§ The task
Somewhere below is a line with "Snapshot of alehia_cute" and, later, a line with "Huge Two Floor"; repeat those two lines and all the lines between them, exactly as they are.

################

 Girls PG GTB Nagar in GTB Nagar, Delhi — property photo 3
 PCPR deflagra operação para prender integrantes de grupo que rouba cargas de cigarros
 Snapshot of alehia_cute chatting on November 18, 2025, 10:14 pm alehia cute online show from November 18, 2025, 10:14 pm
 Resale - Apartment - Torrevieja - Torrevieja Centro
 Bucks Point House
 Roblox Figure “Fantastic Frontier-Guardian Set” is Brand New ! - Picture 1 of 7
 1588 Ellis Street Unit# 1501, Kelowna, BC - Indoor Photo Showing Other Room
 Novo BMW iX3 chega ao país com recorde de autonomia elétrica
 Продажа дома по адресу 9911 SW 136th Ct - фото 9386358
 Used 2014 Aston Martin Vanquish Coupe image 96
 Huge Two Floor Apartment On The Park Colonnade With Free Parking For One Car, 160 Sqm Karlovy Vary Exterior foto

################

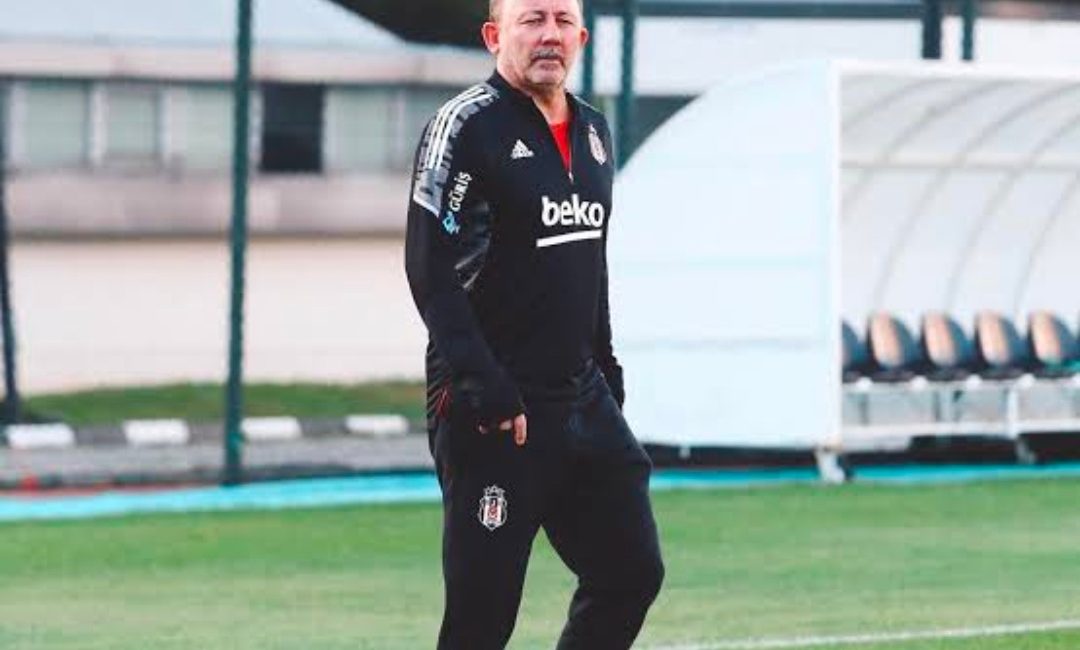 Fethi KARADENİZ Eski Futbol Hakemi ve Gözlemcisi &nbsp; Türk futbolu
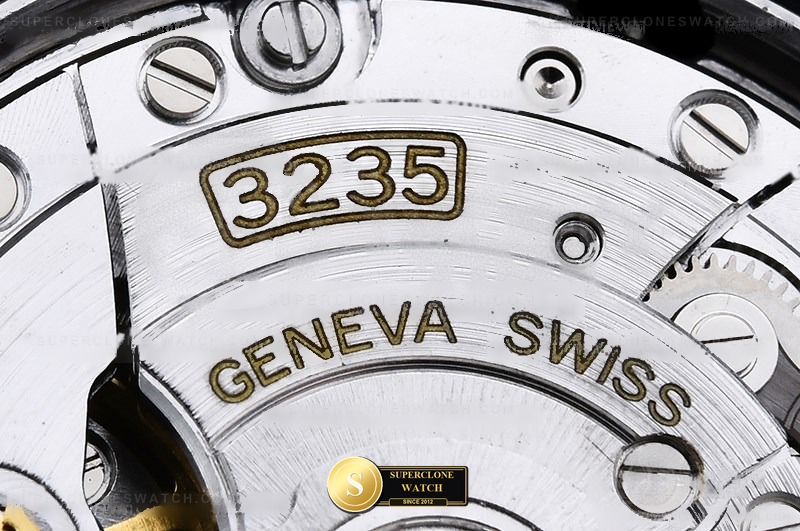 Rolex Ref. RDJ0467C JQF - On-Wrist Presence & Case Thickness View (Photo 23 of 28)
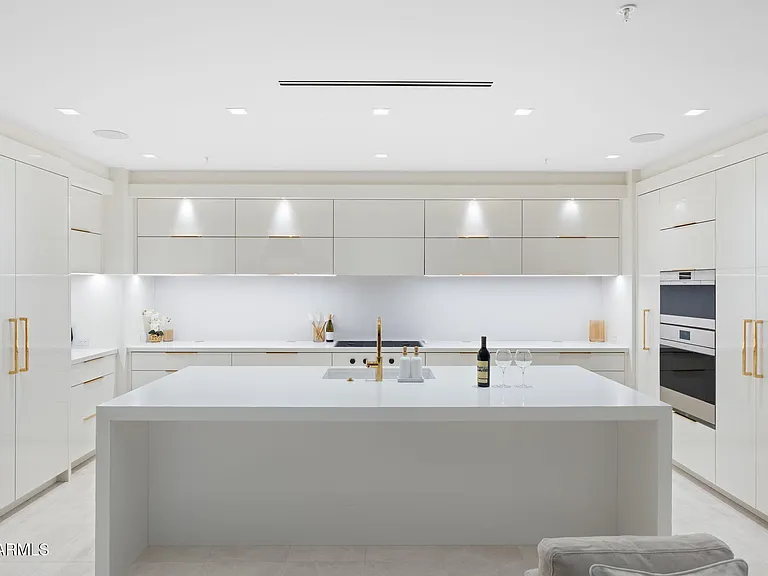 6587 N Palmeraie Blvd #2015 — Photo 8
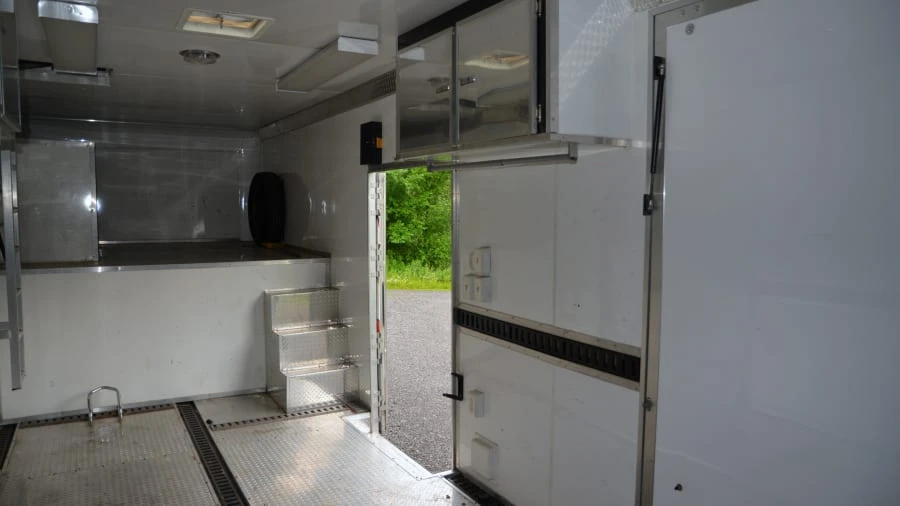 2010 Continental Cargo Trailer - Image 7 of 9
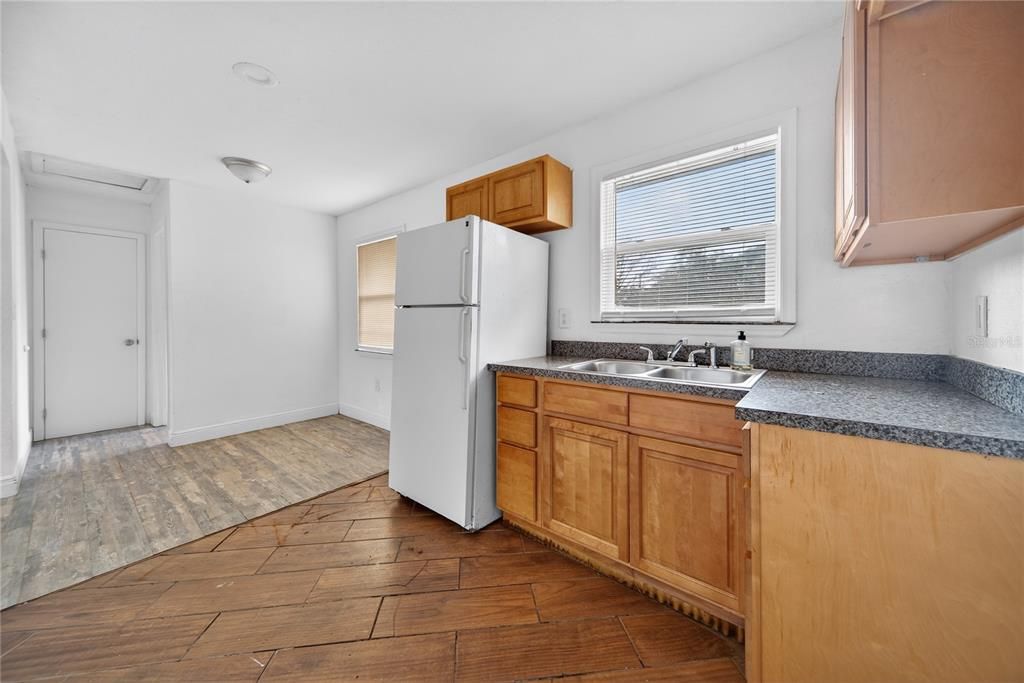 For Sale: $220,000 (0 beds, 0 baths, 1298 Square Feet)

################

§ Exercise result
 Snapshot of alehia_cute chatting on November 18, 2025, 10:14 pm alehia cute online show from November 18, 2025, 10:14 pm
 Resale - Apartment - Torrevieja - Torrevieja Centro
 Bucks Point House
 Roblox Figure “Fantastic Frontier-Guardian Set” is Brand New ! - Picture 1 of 7
 1588 Ellis Street Unit# 1501, Kelowna, BC - Indoor Photo Showing Other Room
 Novo BMW iX3 chega ao país com recorde de autonomia elétrica
 Продажа дома по адресу 9911 SW 136th Ct - фото 9386358
 Used 2014 Aston Martin Vanquish Coupe image 96
 Huge Two Floor Apartment On The Park Colonnade With Free Parking For One Car, 160 Sqm Karlovy Vary Exterior foto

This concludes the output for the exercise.